The University of Massachusetts Amherst

Palacio '11 Produces "Million Dollar Block," a Documentary on Housing, Education & Criminal Justice in Brooklyn

Shantel Palacio '11MPPA, alumna of the UMass Amherst School of Public PolicyShantel Palacio '11MPPA, UMass Amherst School of Public Policy alumna.
Wednesday, February 19, 2020

Shantel Palacio '11 MPPA is an alumna of the UMass Amherst School of Public Policy and native of the Brownsville neighborhood of Brooklyn, New York. Her website, Brownsvillain, is an archive of stories and people Palacio has encountered in Brownsville. These interviews and testimonials help her craft a narrative that defies outsiders’ presumptions about the neighborhood. Her recent independent film project, Million Dollar Block, a documentary co-produced by Palacio, intends to do exactly that. 

Contrary to how it sounds, the phrase “million-dollar block” is not a reference to high-income communities with brownstone-lined streets and luxury amenities. Rather, the phrase is an aloof reference to the millions of dollars local taxpayers spend on incarceration; Palacio’s film explores 3 of New York City’s 17 million dollar blocks, specifically the Van Dyke Houses public housing development.

Van Dyke Houses is home to over 4,000 residents spread across 1,603 apartments in 22 buildings. Van Dyke’s buildings are also among the most policed and surveilled in New York City, which often prompts the media to portray the neighborhood as a hotbed of crime and violence.

Million Dollar Block tells the story of daily life in Van Dyke and examines the institutions of public housing, public education, and the criminal justice system through the eyes of its diverse residents.

Not only do residents have to deal with the stigma perpetuated about Van Dyke, but also with private development and gentrification, and the New York City housing and police bureaucracies. These residents rarely if ever see private investment manifested as community benefits. They live in a constant state of neglect.

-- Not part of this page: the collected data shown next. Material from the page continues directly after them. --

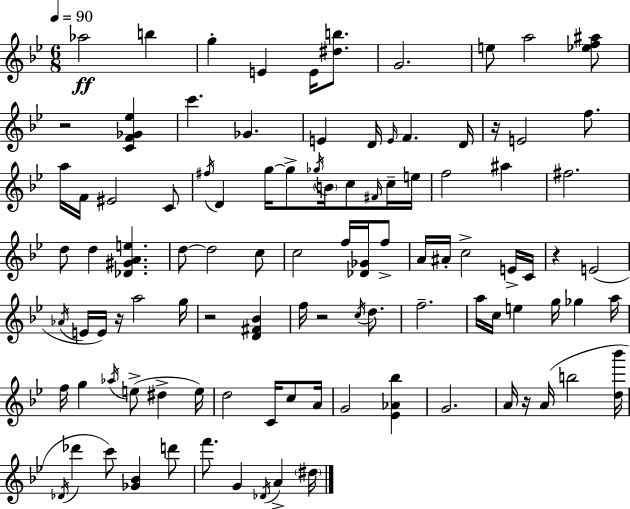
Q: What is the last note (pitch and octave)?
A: D#5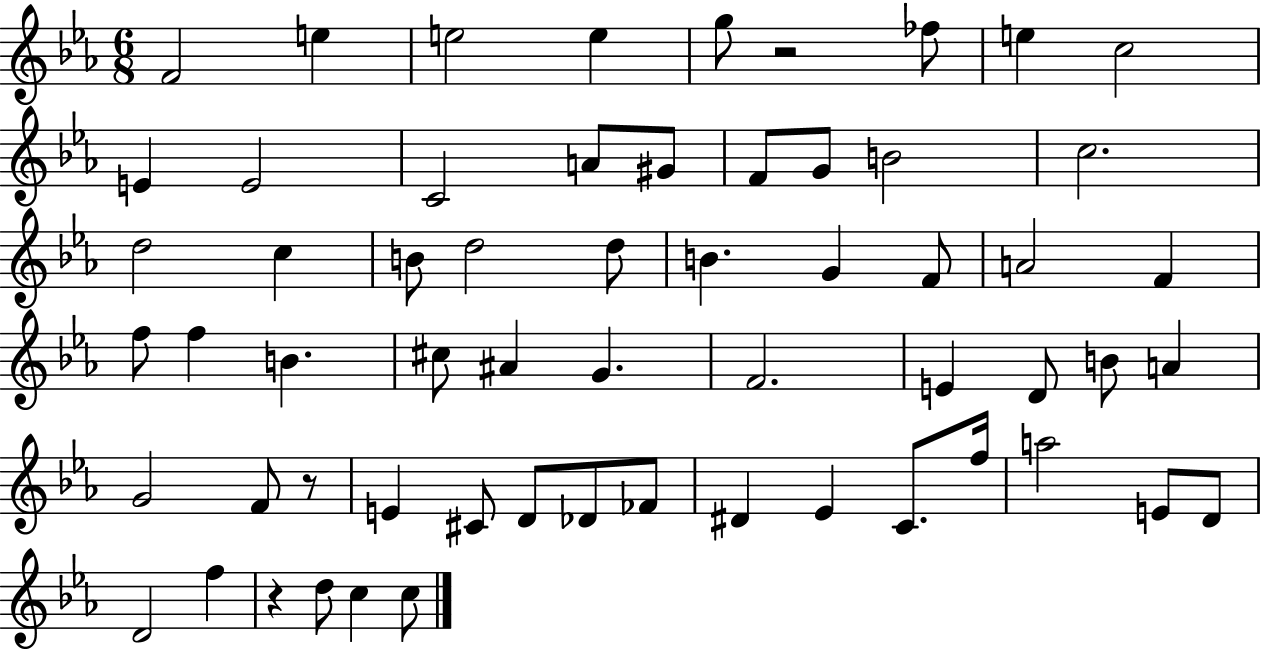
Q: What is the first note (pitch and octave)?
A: F4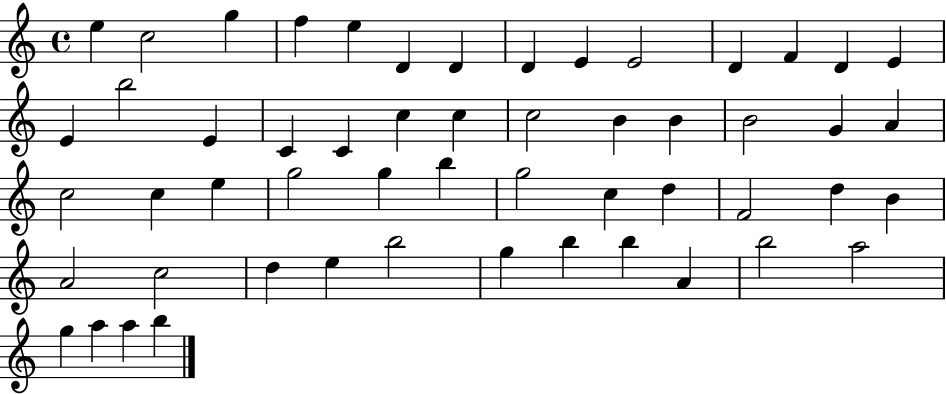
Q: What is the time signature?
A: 4/4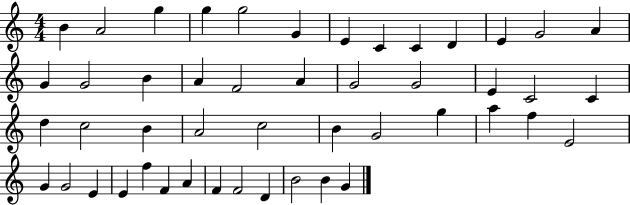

According to the film’s artistic statement, “These interviews will serve as a Greek chorus juxtaposed against the verite scenes of everyday life, and together they will devise a portrait that examines the seemingly mundane in an effort to examine the larger external forces that circumscribe the lives and actions of residents - most significantly, the NYPD and NYCHA.“

Palacio graduated from the Master’s of Public Policy and Administration program in 2011 and recently worked for the NYC Department of Education for over eight years. She is currently a PhD candidate in education policy at the University of New Hampshire.

Palacio’s goal is “to research best practices for building greater platforms for parents and community leaders in shaping their schools,” she said. “I want the policy process to be more accessible and less confusing for parents to navigate.”

Since its debut, the documentary has garnered numerous awards and accolades including IFP Fiscal Sponsorship Program 2020, IFP Documentary Lab Fellow 2019, Garrett Scott Documentary Development Grant Recipient 2019, Big Sky Film Festival Pitch Participant 2019, Made in New York Women's Film, TV, and Theatre Fund Recipient 2019, Graham Foundation for Advanced Studies in the Fine Arts Grant Recipient 2018, New York State Council on the Arts Grant Recipient 2018, and the Brooklyn Film Festival Pitch Competition POV Award Winner 2018.